__TASK INSTRUCTIONS__: Word for word, write the lines below out again, with no pictures.

__EXERCISE DATA__:
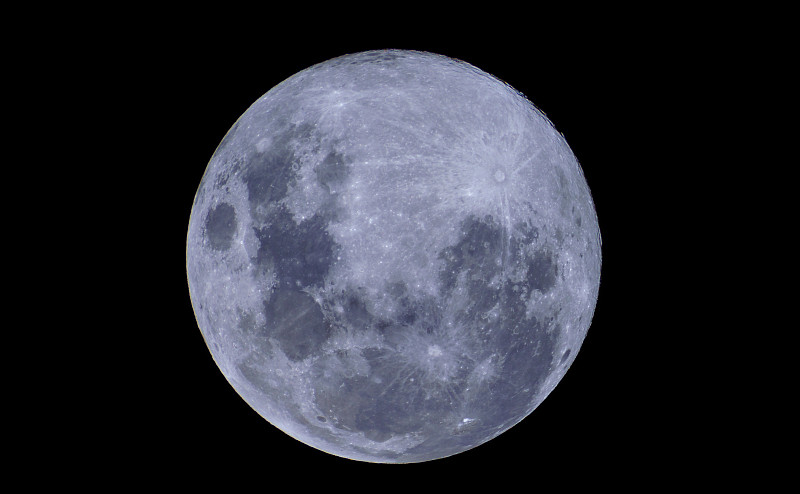 满月,Bundall,昆士兰,澳大利亚图片素材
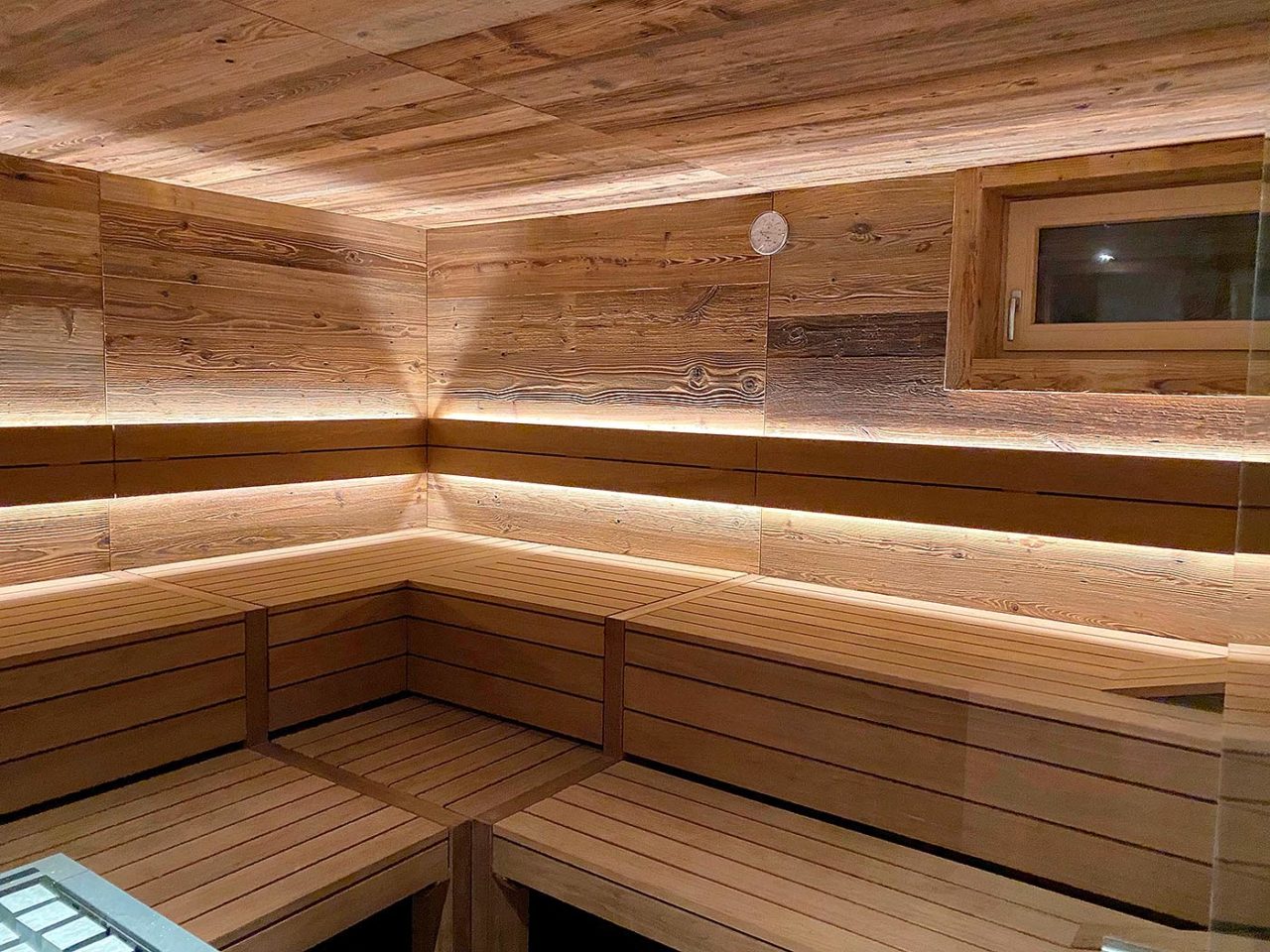 Sauna-Linie CHALET 12 Altholz Design Sauna corso 1 | corso saunamanufaktur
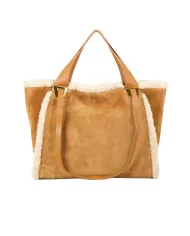 Coccinelle Borsa Oliver eco shearling Naturale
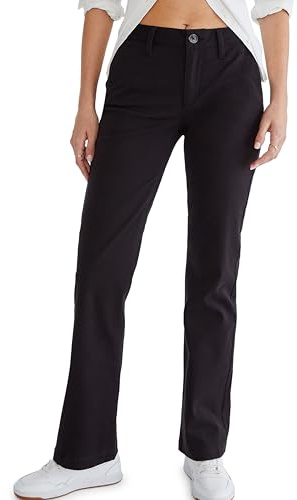 Aeropostale Women's Aero Classic Uniform Pant, Black, 6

__ANSWER AREA__:
 满月,Bundall,昆士兰,澳大利亚图片素材
 Sauna-Linie CHALET 12 Altholz Design Sauna corso 1 | corso saunamanufaktur
 Coccinelle Borsa Oliver eco shearling Naturale
 Aeropostale Women's Aero Classic Uniform Pant, Black, 6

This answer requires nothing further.